━━ Material for this exercise ━━

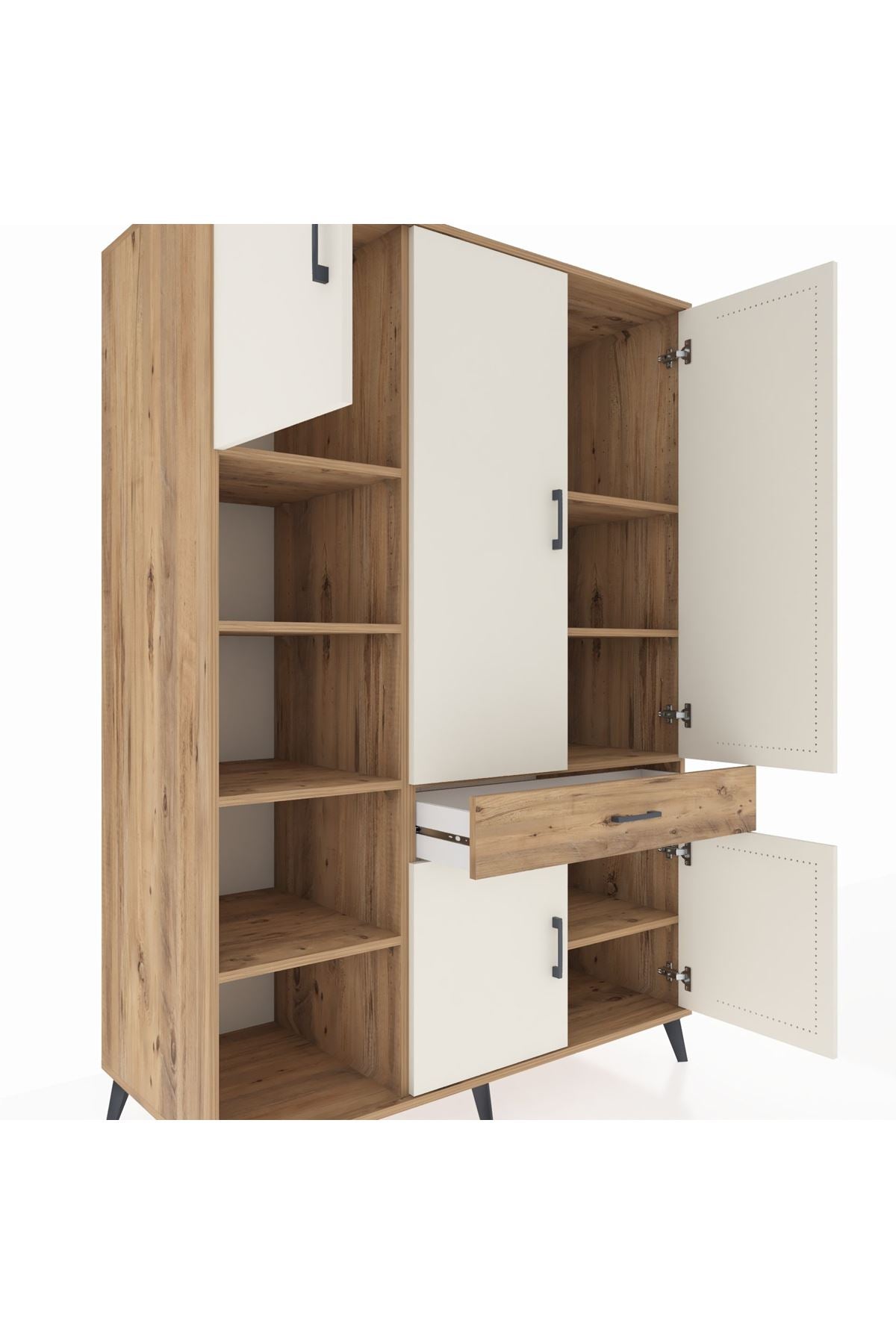 Kronos Dolap 8 Raflı Tek Çekmeceli 5 Kapaklı 132x59x195 Çam-Aytaşı/Çam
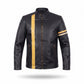 Men's Black Leather Racer Jacket | Vertical Yellow Stripe Moto Jacket with Arm Band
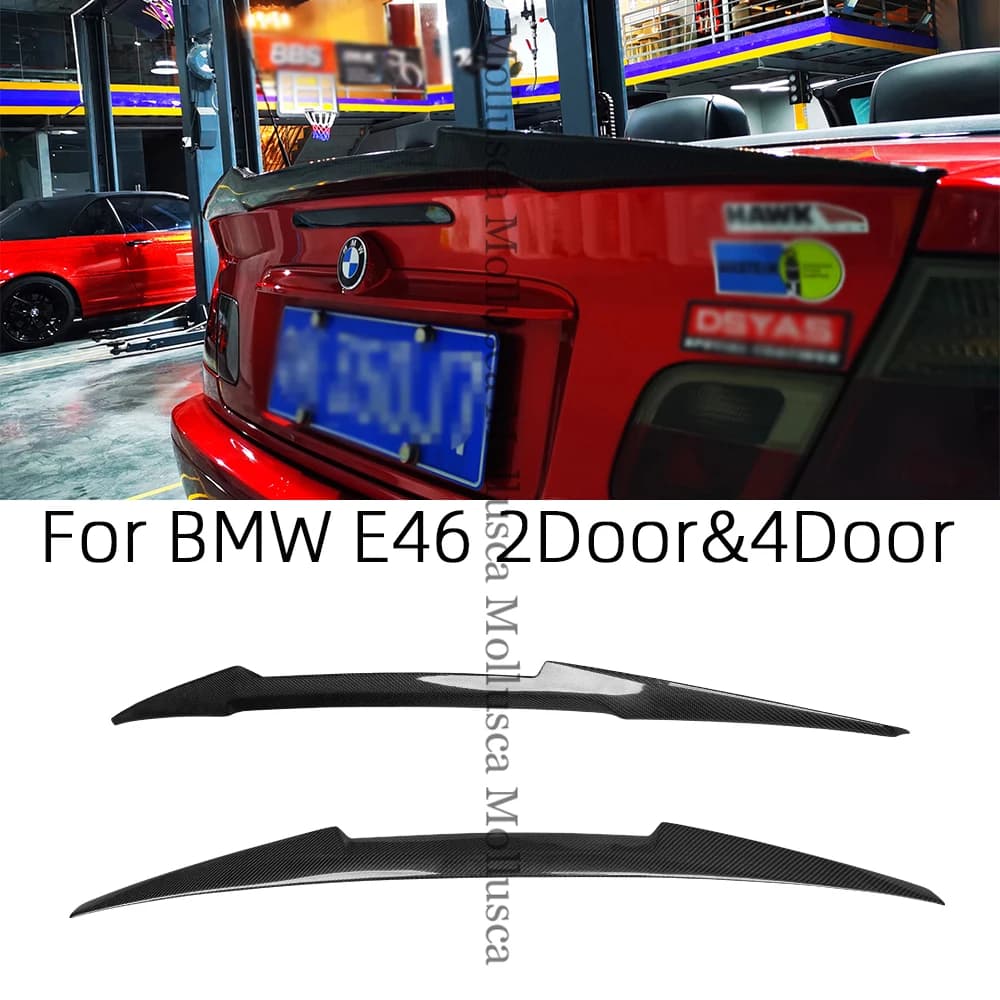 For BMW E46 2Door Coupe/Convertible&4Door Sedan M4 Style Carbon Fiber Rear Spoiler Trunk Wing 1997-2007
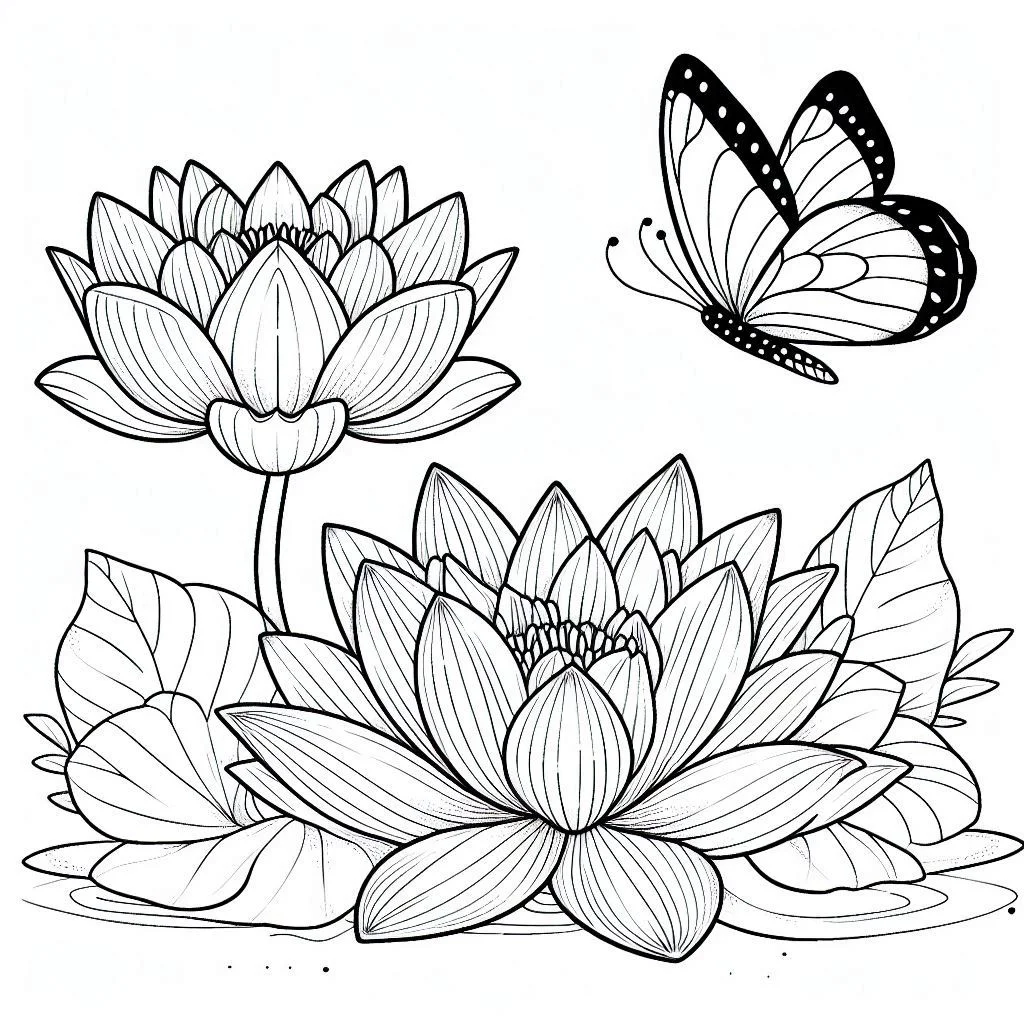 Flores e Borboletas para Colorir 23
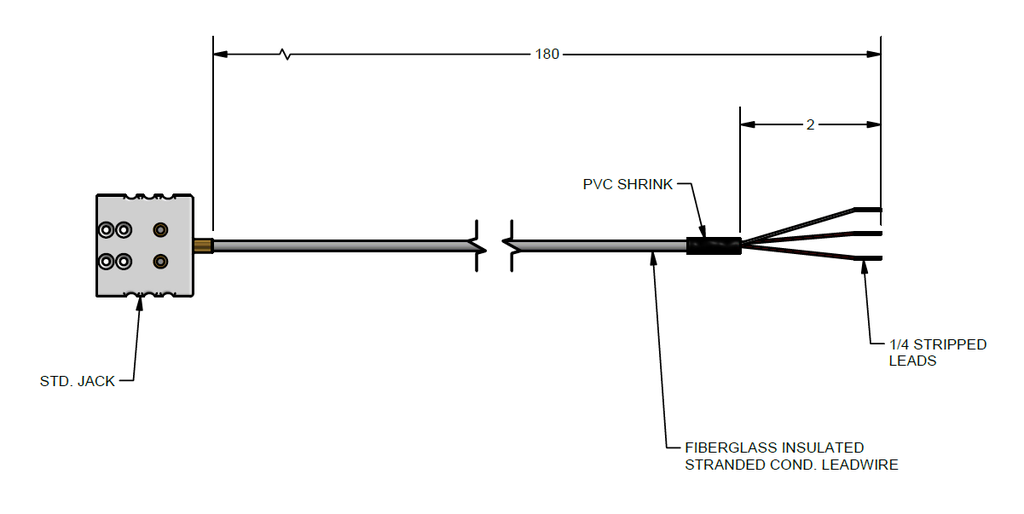Pyromation 3 WIRE RTD EXTENSION, 180" LENGTH, FIBERGLASS INSULATION, STANDARD FEMALE JACK, 2" SPLIT LEADS 1/4" STRIPPED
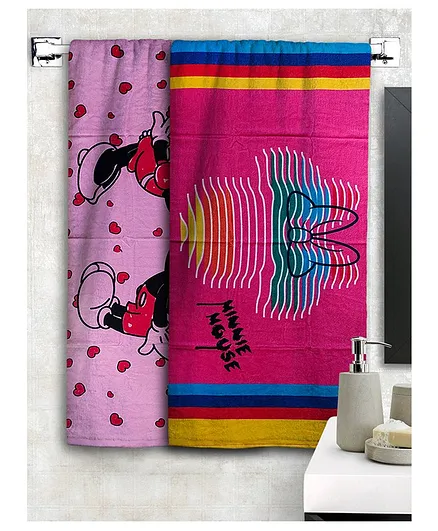 Athom Trendz Disney Minnie & Mickey Mouse Printed Large Bath Towels Pack of 2 - Multicolour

━━━

◆ **The task**: Your answer should be the lines from the line containing "For BMW E46" through the end of the listing above, output exactly and alone, without the pictures.

◆ **Problem solution**:
 For BMW E46 2Door Coupe/Convertible&4Door Sedan M4 Style Carbon Fiber Rear Spoiler Trunk Wing 1997-2007
 Flores e Borboletas para Colorir 23
Pyromation 3 WIRE RTD EXTENSION, 180" LENGTH, FIBERGLASS INSULATION, STANDARD FEMALE JACK, 2" SPLIT LEADS 1/4" STRIPPED
 Athom Trendz Disney Minnie & Mickey Mouse Printed Large Bath Towels Pack of 2 - Multicolour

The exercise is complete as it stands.